In any case, Elchasai's religious community seems to have prospered but ultimately splintered; early on, the prophet Mani renounced Judaism and departed with his followers. Likewise, the Mandaeans may have originated in a schism where they renounced the Torah, while the mainstream Sampsaeans[citation needed] held on to it (as Elchasai's followers did); this must have happened around the mid-late 1st millennium AD. Al-Biruni (writing at the beginning of the 11th century AD) said that the 'real Sabians' were "the remnants of the Jewish tribes who remained in Babylonia when the other tribes left it for Jerusalem in the days of Cyrus and Artaxerxes. These remaining tribes...adopted a system mixed up of Magism and Judaism."[9] It is not clear what group he referred to exactly, for by then the Elchasaite sects may have been at their most diverse. Some disappeared subsequently, the Sampsaeans for example are not well attested in later sources. The Ginza Rba, one of the chief holy scriptures of the Mandaeans, appears to originate around the time of Elchasai or somewhat thereafter (see below); unfortunately, none of the Manichaean scriptures has survived in its entirety, and as it seems the remaining fragments have not been compared to the Ginza Rba.

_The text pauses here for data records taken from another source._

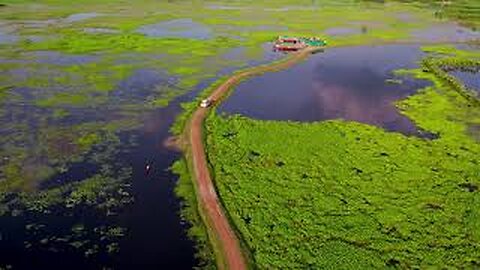 Aerial Exploration of a Green Landscape.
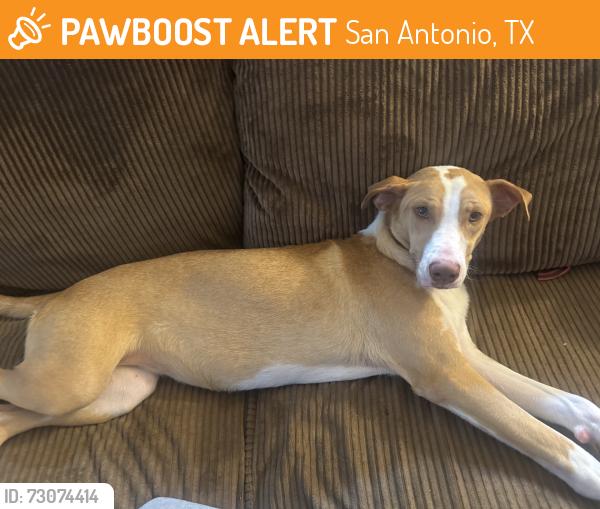 Found/Stray Female Dog last seen Wetmore Beach hse Bar, San Antonio, TX 78247
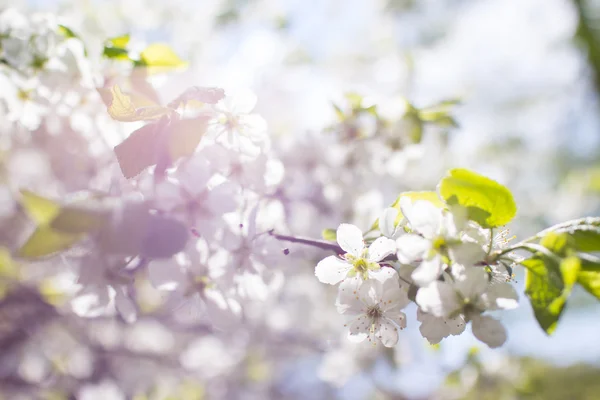 Spring tree background — Stock Photo, Image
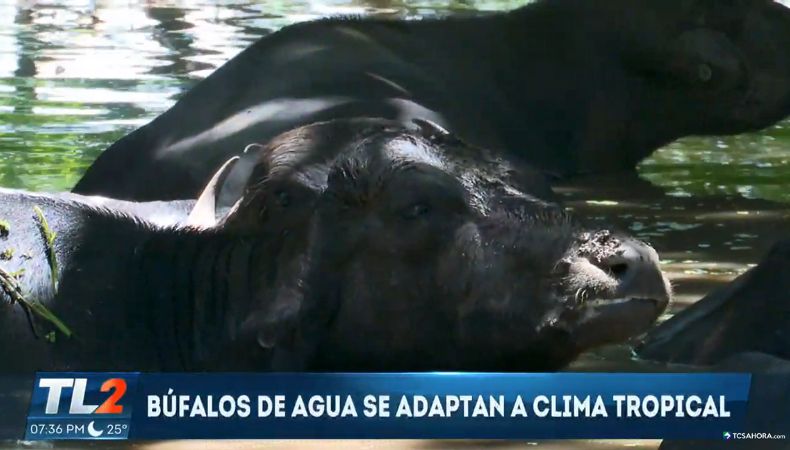 En San Miguel, la crianza de búfalos de agua representa una práctica sostenible clave para la conservación de los ecosistemas.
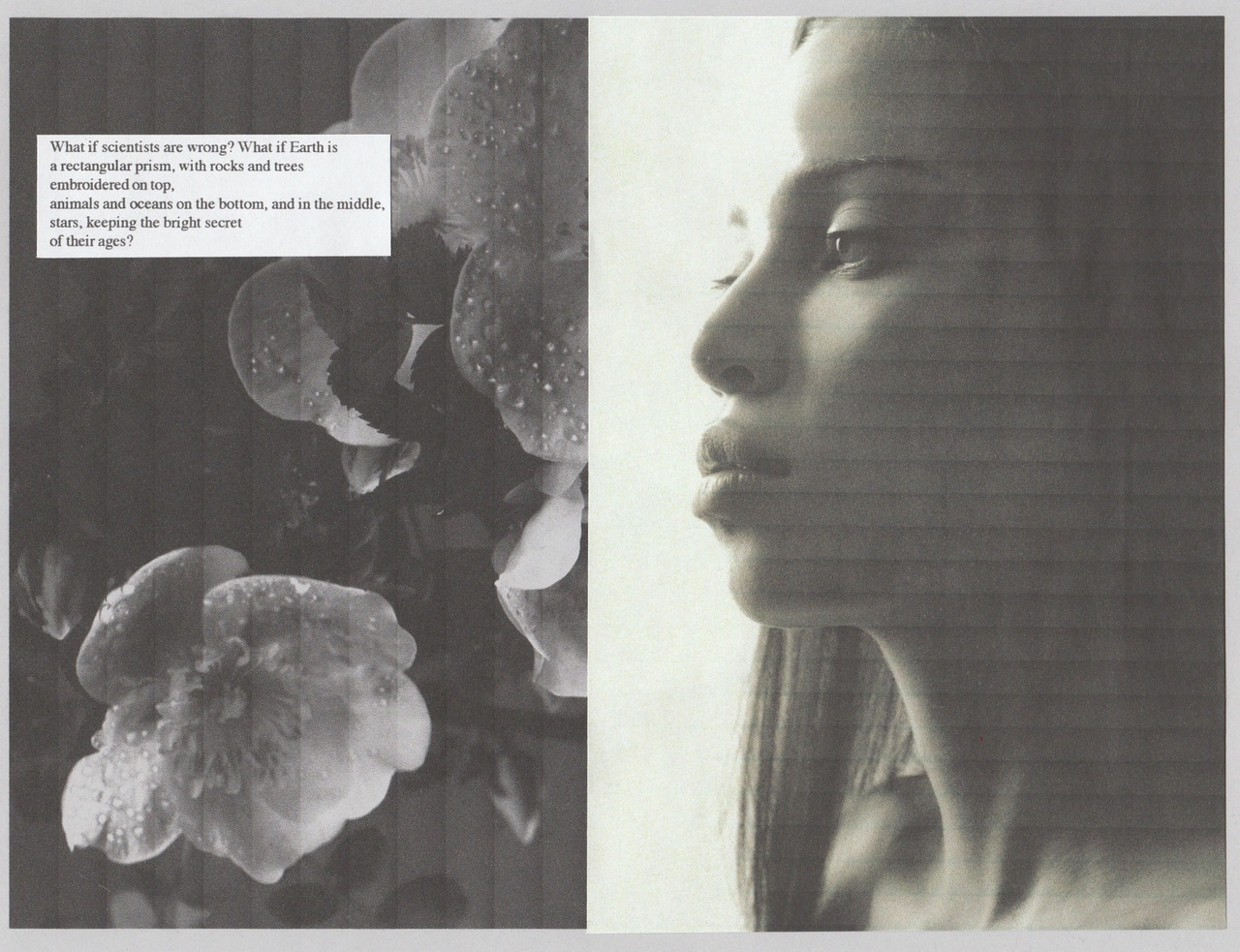 alexandernevermine:  LXXVII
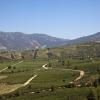 Hoteller i Colchagua Valley vinrute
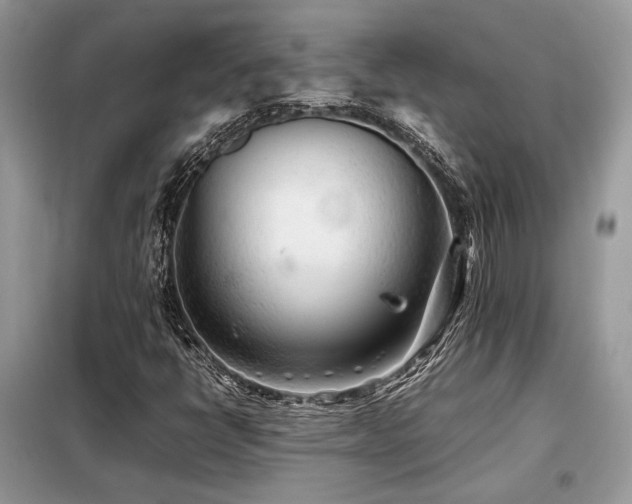 X0000099461398200805091517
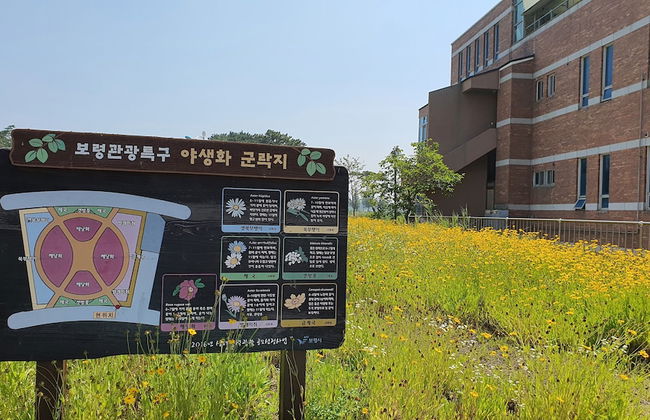 Haha Pension - Foto 51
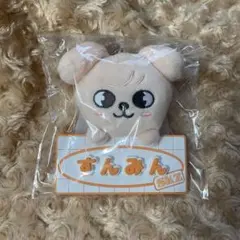 【約200点】straykids スキズ スンミン パピーム グッズ まとめ売り Stray kids スキズ スンミン パピーム ネームバックチャーム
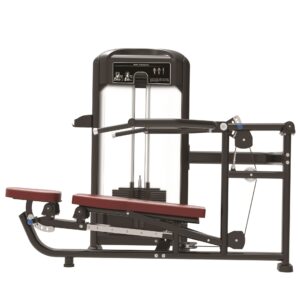 TF29 Dual Shoulder Press - Seated Chest Press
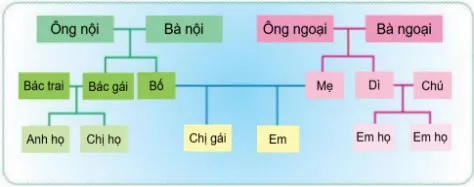 Giáo án Tự nhiên và xã hội 3 sách Chân trời sáng tạo (Cả năm)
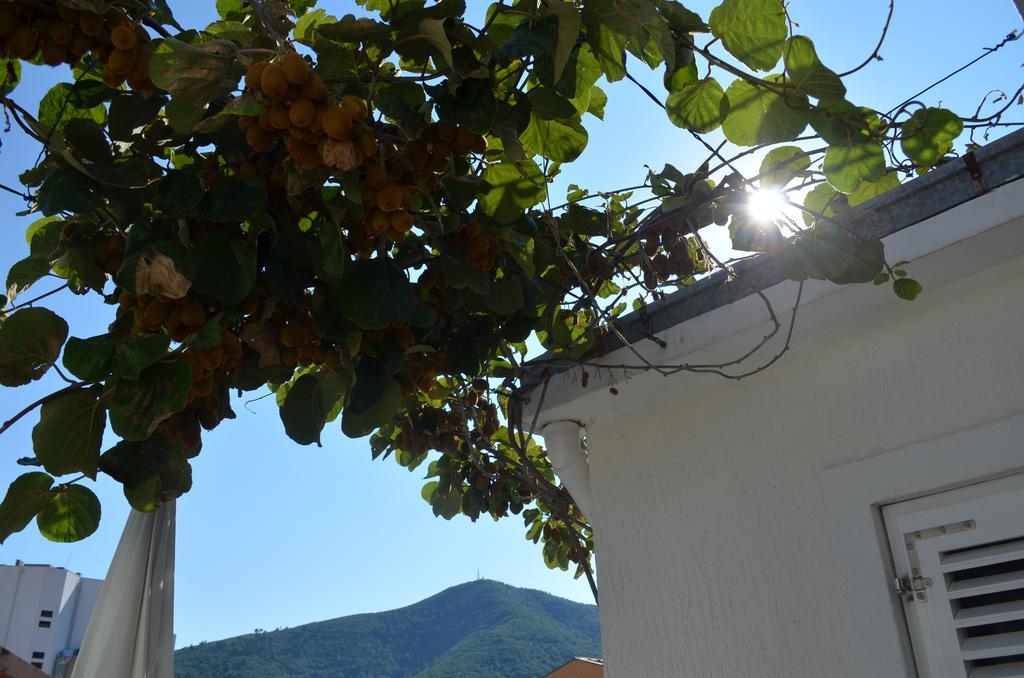 Casablanca Apartments Budva Eksteriør bilde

Around 1290, a learned Dominican Catholic from Tuscany, Ricoldo da Montecroce, or Ricoldo Pennini, was in Mesopotamia where he met the Mandaeans. He described them as follows:

“A very strange and singular people, in terms of their rituals, lives in the desert near Baghdad; they are called Sabaeans. Many of them came to me and begged me insistently to go and visit them. They are a very simple people and they claim to possess a secret law of God, which they preserve in beautiful books. Their writing is a sort of middle way between Syriac and Arabic. They detest Abraham because of circumcision and they venerate John the Baptist above all. They live only near a few rivers in the desert. They wash day and night so as not to be condemned by God, …”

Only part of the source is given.